One of those precious babies is my Philodendron bipinnatifidum. It had two growing points, so I sawed off (yes--sawed!) one of them to take with me (it will be a long time before it gets sizable, but it's a good nugget and I think it should last until I'm able to pot it). The main growing point has a wicked-long root that I found as I moved the plant from from the top of my computer table hutch to the top of my dresser, for ease of access to visiting gardeners who may want to take it home.

Look how crazy this thing is! It's almost 10 feet long, I'd wager. It was hard to get a photo, so I took a video.


The P. bipinnatifidum grows horizontally like that because that's where the light came for it--it was about six feet away from the window, set pretty high up. If I had had it maybe on the floor, the leaves would have grown at a more-pleasing angle, but... Oh well.


Moving To Saudi Arabia

I accepted an offer of employment at King Abdullah University of Science & Technology. I'll be an "English Writer" in the communications department. I fly out of DC to Saudi Arabia on 8 May. I'm still working out what this means for things I'm involved in here in DC, but I know I will attempt to maintain my garden blogging. I am working on figuring out how to ship some of my plants to Saudi Arabia. There are a few that I'd rather not give up, addict that I am. Some have sentimental value, some are truly one-of-a-kind, some may actually do better in the Kingdom (outside, possibly--indoors is air conditioned pretty much 24/7/365), and some just rock my socks! The rest? Well, I'm working on that, too, as well as divesting my other worldly goods (does anyone want a huge bedroom set?).

With changes in every aspect of my life, it seems a good opportunity to change how I blog as well. I will be mothballing The Indoor Garden(er) and blogging as The Expat Garden(er), for various reasons. You'll always be able to access your favourite posts here. I'll be taking a few weeks off before starting to post on The Expat Garden(er), at least until I get more settled. I am also thinking of becoming more regular once I return to blogging, or at least having well-defined post categories, which will give me better direction in generating content for the blog and you readers better direction about what to expect when you come by.

Local Plant Profiles will be irregular but hopefully full of depth and interesting information for people both in the Middle East and elsewhere. I envision myself stumbling upon a new-to-me plant and then trying to do research on it to figure out what it is. Maybe I can find someone in the area who is a native plant expert, or maybe a good reference book.

Plant Photography posts will probably occur with regular frequency, but text presence/amount would be irregular. I have slacked on my photographic education and exploration in the past year, and this would help me continue learning and improving. I imagine these could be photos of desert plants that may be additive to a previous local plant profile or foreshadow an upcoming profile, or plants from gardens at the university or elsewhere during my travels, or even my own plants. I'd try to make them pretty, unique, or interesting in some fashion.
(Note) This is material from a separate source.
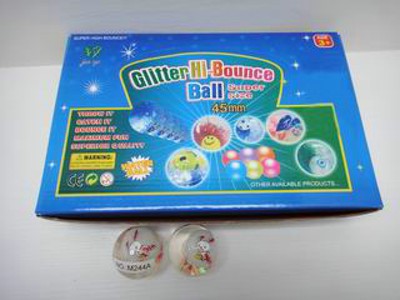 JUMP BALL W/LIGHT (24PCS),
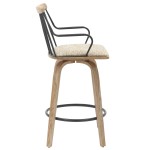 ΣΚΑΜΠΟ ΜΠΑΡ JUDI HM9985.01 WHITE WASH Κ.Π.-ΜΑΥΡΟ ΜΕΤΑΛΛΟ-ΜΠΕΖ ΥΦΑΣΜΑ 48x52x92Υεκ ΣΚΑΜΠΟ ΜΠΑΡ JUDI HM9985.01 WHITE WASH Κ.Π.-ΜΑΥΡΟ ΜΕΤΑΛΛΟ-ΜΠΕΖ ΥΦΑΣΜΑ 48x52x92Υεκ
New Acquisitions posts would probably very infrequent. I imagine I'd try to keep minimal (heh, restraint? Me?), because the assumption is I'm not staying in Saudi Arabia for the rest of my life, and any acquisitions would have to be shipped back (and that's just a huge hassle) or left behind (but I want them...!).

Plant Updates would be irregularly regular. That is, maybe not every week, but you can probably expect one with some frequency. This will cover how my plants are faring in their new home, whether anything interesting is going on--the same types of posts I do now labeled under "Die Pflanzenfortschreibung."

Culture Through Cooking will be recipe posts of food I'm learning how to make. I may or may not focus on regional cuisine--in DC, I tended to focus on Japanese, Korean, and baked goods. Who knows what I'd end up concocting in Saudi Arabia? My cooking has always been intermittent, with long gaps between periods of experimentation, and I usually have to plan ahead if I want to blog about a recipe I'm preparing, so I wouldn't think I would post recipes more than once every month or two.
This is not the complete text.